● **YOUR INSTRUCTIONS**: Among the entries below, which lines run from the line with "Step 4: Change" through the line with "Identify specimen B: you"? Retype those, both ends included, exactly and without pictures.

● **MATERIALS PROVIDED**:
—————

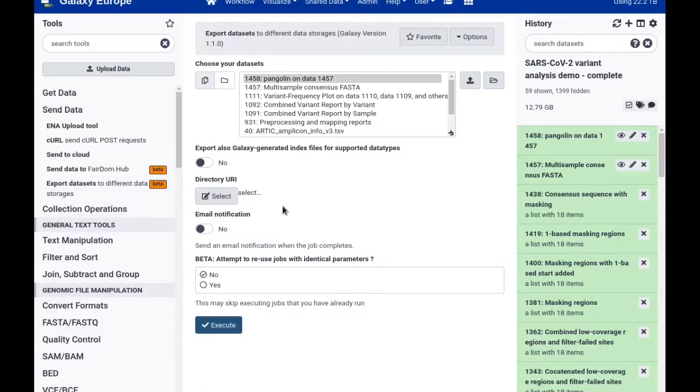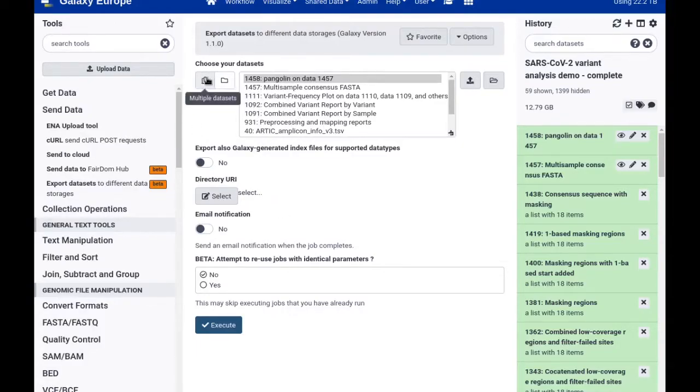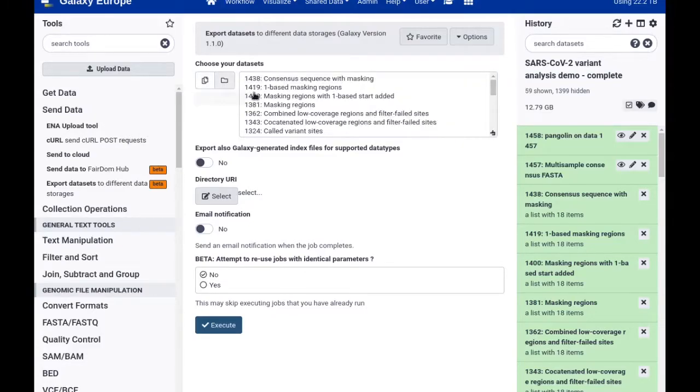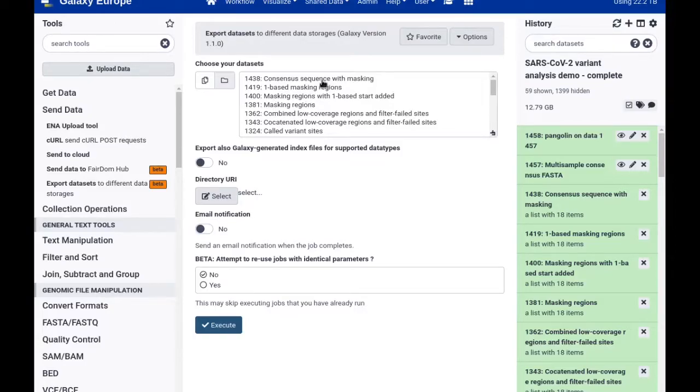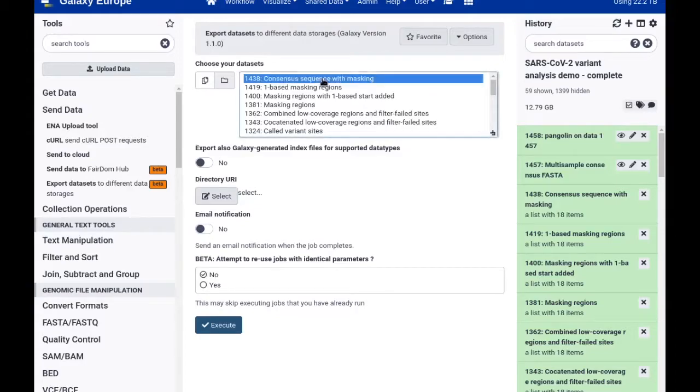You can now select datasets you'd like to export, which can either be regular datasets or collections. So I will again choose here my collection of FASTA files from before.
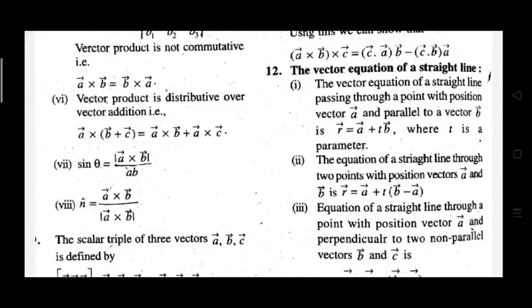To find the sine of the angle between two vectors: sin θ equals the modulus of (A cross B) divided by the modulus of A times the modulus of B. n̂ is the unit vector perpendicular to both vector A and vector B.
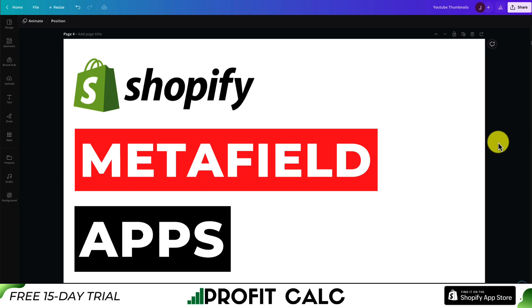I'll show you the top Metafield apps available for your Shopify store. These apps are going to make it much easier for you to customize and edit your Metafields, as it can be quite tedious to do manually.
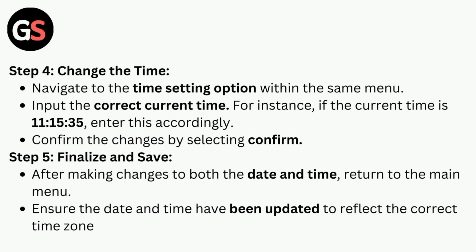Step 4: Change the Time. Navigate to the time setting option within the same menu and input the correct current time. For instance, if the current time is 11:15:35, enter this accordingly. Confirm the changes by selecting confirm.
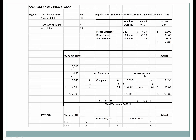For the rate variance, the actual hours are the same on both sides — we're comparing the rates. The standard rate is twenty-two dollars and the actual rate was twenty-one dollars sixty cents. Since the actual rate is lower than the standard, this is automatically favorable before any math is done.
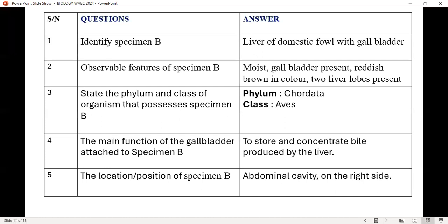Identify specimen B: you have to identify it as liver of a domestic fowl with a gallbladder. Observable features: it is moist, with a moist surface; gallbladder is present; it is reddish-brown in color; it has two lobes — two liver lobes present. State the phylum: Chordata and Aves. What is the main function of the gallbladder attached to specimen B? It stores and concentrates bile produced by the liver. What is the location of specimen B? The liver is found in the abdominal cavity.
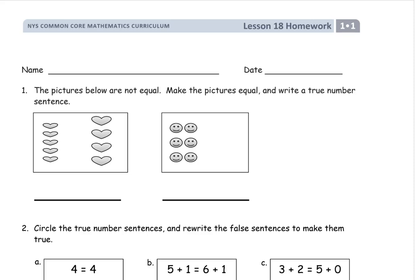Welcome to the homework for Grade 1, Module 1. This is Lesson 18. Write your name first. And this first one, we're doing more practice with matching up equal expressions. It says the pictures below are not equal. Make the pictures equal — so first we're going to have to change the picture a little bit or add to it. And then we're going to have to write a true number sentence.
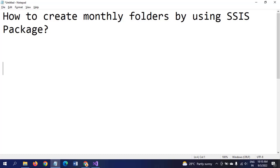Hi friends, this is Ramana. Today I will show a demo on creating monthly folders in SSIS package.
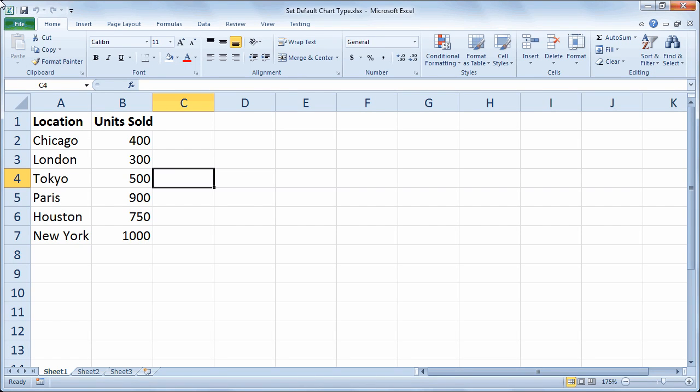Hello and welcome to another Excel demo with Rich Kerr. In this scenario we're going to take a look at creating a chart and making some modifications and saving that style as a template so that it can be used over and over again and furthermore setting that template as a default so that we can launch our favorite chart with just a simple keystroke. So first let's build a basic chart.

—————

● **ANSWER TO THIS EXERCISE**:
Step 4: Change the Time. Navigate to the time setting option within the same menu and input the correct current time. For instance, if the current time is 11:15:35, enter this accordingly. Confirm the changes by selecting confirm.
For the rate variance, the actual hours are the same on both sides — we're comparing the rates. The standard rate is twenty-two dollars and the actual rate was twenty-one dollars sixty cents. Since the actual rate is lower than the standard, this is automatically favorable before any math is done.
Identify specimen B: you have to identify it as liver of a domestic fowl with a gallbladder. Observable features: it is moist, with a moist surface; gallbladder is present; it is reddish-brown in color; it has two lobes — two liver lobes present. State the phylum: Chordata and Aves. What is the main function of the gallbladder attached to specimen B? It stores and concentrates bile produced by the liver. What is the location of specimen B? The liver is found in the abdominal cavity.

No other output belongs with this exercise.